World J Gastroenterol. 2010 Feb 14;16(6):663-72. doi: 10.3748/wjg.v16.i6.663.
The carcinogenic potential of iron in colorectal cancer (CRC) is not fully understood. Iron is able to undergo reduction and oxidation, making it important in many physiological processes. This inherent redox property of iron, however, also renders it toxic when it is present in excess. Iron-mediated generation of reactive oxygen species via the Fenton reaction, if uncontrolled, may lead to cell damage as a result of lipid peroxidation and oxidative DNA and protein damage. This may promote carcinogenesis through increased genomic instability, chromosomal rearrangements as well as mutations of proto-oncogenes and tumour suppressor genes. Carcinogenesis is also affected by inflammation which is exacerbated by iron. Population studies indicate an association between high dietary iron intake and CRC risk. In this editorial, we examine the link between iron-induced oxidative stress and inflammation on the pathogenesis of CRC.

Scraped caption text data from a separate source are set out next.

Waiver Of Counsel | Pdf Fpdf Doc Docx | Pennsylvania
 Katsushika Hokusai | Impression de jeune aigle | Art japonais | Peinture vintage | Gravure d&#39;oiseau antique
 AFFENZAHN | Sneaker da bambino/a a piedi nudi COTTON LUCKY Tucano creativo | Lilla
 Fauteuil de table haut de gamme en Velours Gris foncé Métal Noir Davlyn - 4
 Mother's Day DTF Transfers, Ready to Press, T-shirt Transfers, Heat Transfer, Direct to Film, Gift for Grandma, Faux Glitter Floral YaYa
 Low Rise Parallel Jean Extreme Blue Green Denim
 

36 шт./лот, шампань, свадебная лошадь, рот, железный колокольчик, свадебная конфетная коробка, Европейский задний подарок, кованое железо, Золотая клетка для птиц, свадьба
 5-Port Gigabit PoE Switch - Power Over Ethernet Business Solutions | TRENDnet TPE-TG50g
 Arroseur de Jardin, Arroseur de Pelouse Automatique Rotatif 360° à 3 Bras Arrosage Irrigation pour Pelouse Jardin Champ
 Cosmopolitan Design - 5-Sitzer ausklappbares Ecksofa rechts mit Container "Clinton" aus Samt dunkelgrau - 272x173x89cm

铁在结直肠癌(CRC)中的致癌潜力尚未完全阐明。铁能够进行还原和氧化,使其在许多生理过程中发挥重要作用。然而,铁的这种固有氧化还原特性使其在过量存在时也具有毒性。铁通过 Fenton 反应介导的活性氧生成,如果不受控制,可能会导致脂质过氧化、氧化 DNA 和蛋白质损伤,从而导致细胞损伤。这可能会通过增加基因组不稳定性、染色体重排以及原癌基因和肿瘤抑制基因的突变,促进癌变。癌变也受到炎症的影响,而铁会加剧炎症。人群研究表明,高膳食铁摄入与 CRC 风险之间存在关联。在这篇社论中,我们研究了铁诱导的氧化应激和炎症与 CRC 发病机制之间的联系。